Skip any image you find and restate the rest of the data word for word.

* _Recorded information_:
□ □ □ □ □ □ □
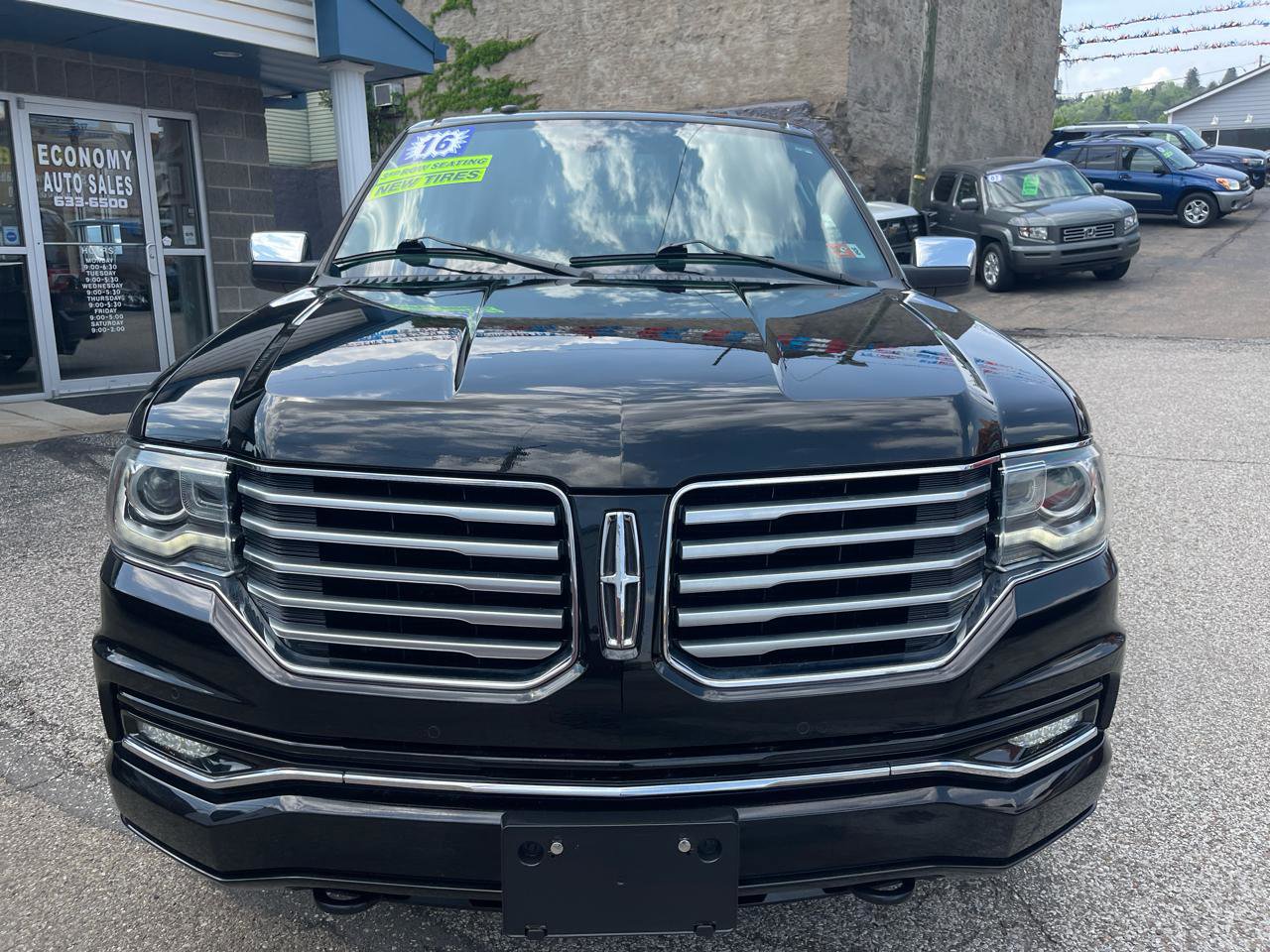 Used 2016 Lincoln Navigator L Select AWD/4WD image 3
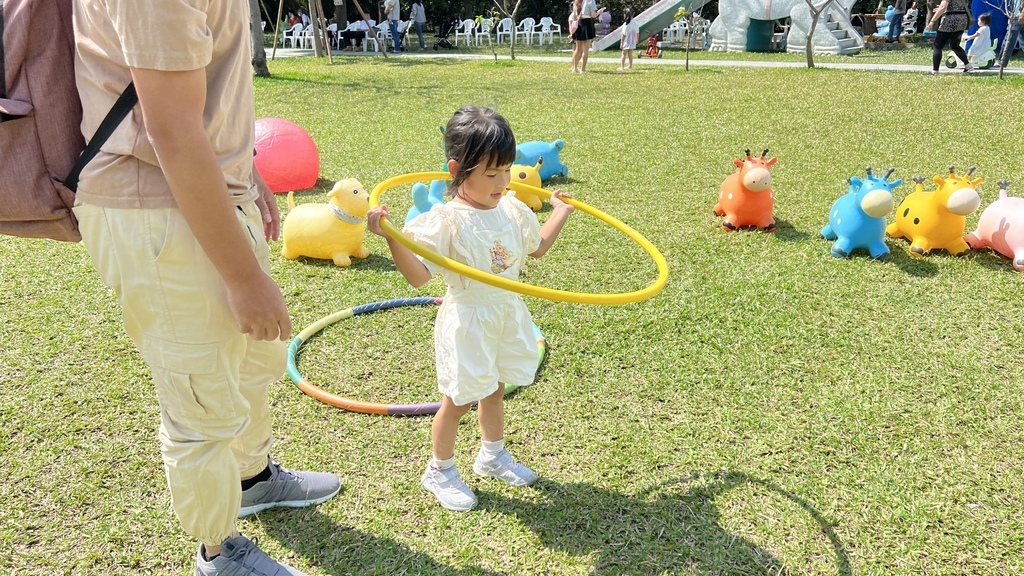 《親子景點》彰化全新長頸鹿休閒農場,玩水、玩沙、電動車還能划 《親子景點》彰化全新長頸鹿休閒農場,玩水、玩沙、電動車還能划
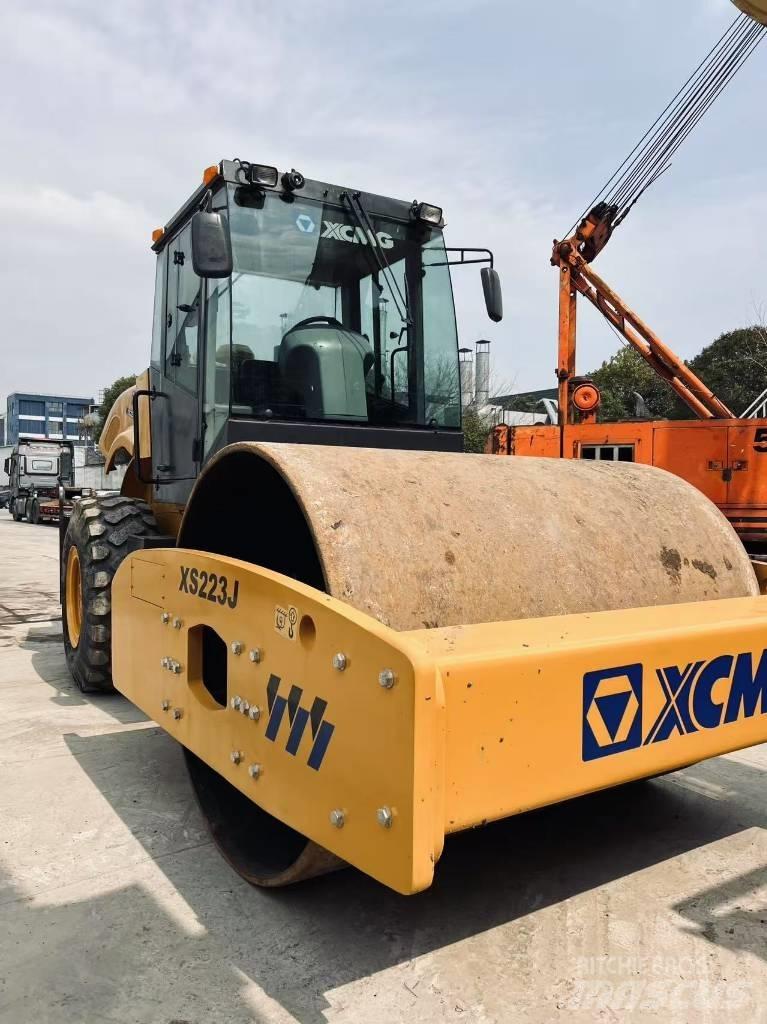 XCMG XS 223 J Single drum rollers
□ □ □ □ □ □ □
* _Result_:
 Used 2016 Lincoln Navigator L Select AWD/4WD image 3
 《親子景點》彰化全新長頸鹿休閒農場,玩水、玩沙、電動車還能划 《親子景點》彰化全新長頸鹿休閒農場,玩水、玩沙、電動車還能划
 XCMG XS 223 J Single drum rollers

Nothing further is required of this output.